SAFL is a language of first order recurrence equations with an ML [13] style
syntax. A user program consists of a sequence of function definitions:
fun f1 (~x) = e1 ; . . . ; fun fn (~x) = en
Programs have a distinguished function, main, (usually fn ) which represents an
external world interface—at the hardware level it accepts values on an input
port and may later produce a value on an output port.
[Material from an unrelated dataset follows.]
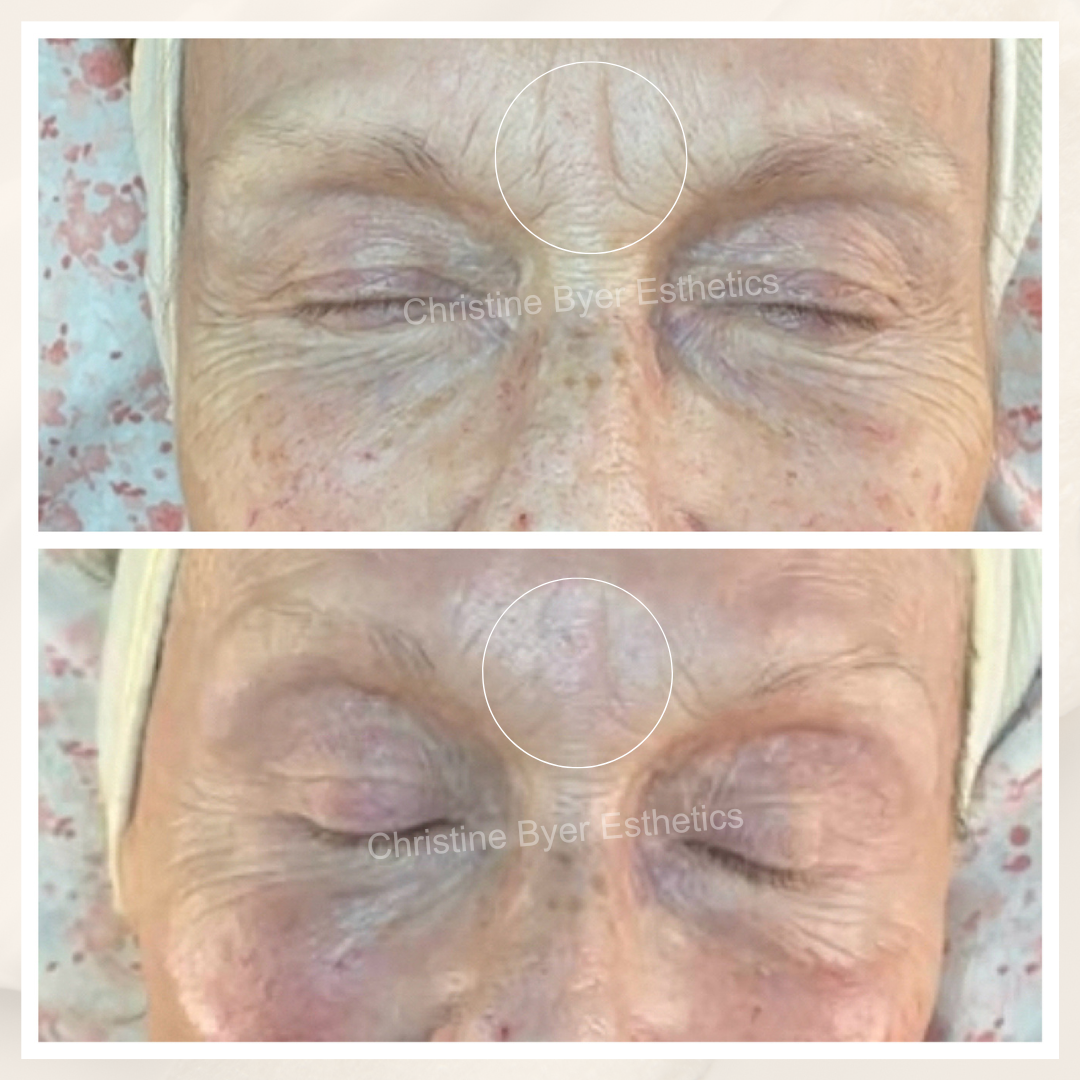 Rejuvenate Your At-Home Skincare with Peels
The abstract syntax of
SAFL expressions, e, is as follows (we abbreviate tuples (e1 , . . . , ek ) as ~e and
similarly (x1 , . . . , xk ) as ~x):
– variables: x; constants: c;
– user function calls: f (~e);
– primitive function calls: a(~e)—where a ranges over primitive operators (e.g.
+, -, <=, && etc.);
– conditionals: e1 ? e2 : e3 ; and
– let bindings: let ~x = ~e in e0 end
In order to distinguish distinct call sites we assume that each abstract-syntax
node is labelled with a unique identifier, α, writing f α (e1 , . . . , ek ) to indicate a
call to function f at abstract-syntax node α.
Although functions can call other previously defined functions arbitrarily, the
only form of recursion allowed is tail-recursion. This allows us to statically allocate the storage (e.g. registers and memories) required by a SAFL program [15].
Tail recursive calls are compiled into feedback loops at the circuit level.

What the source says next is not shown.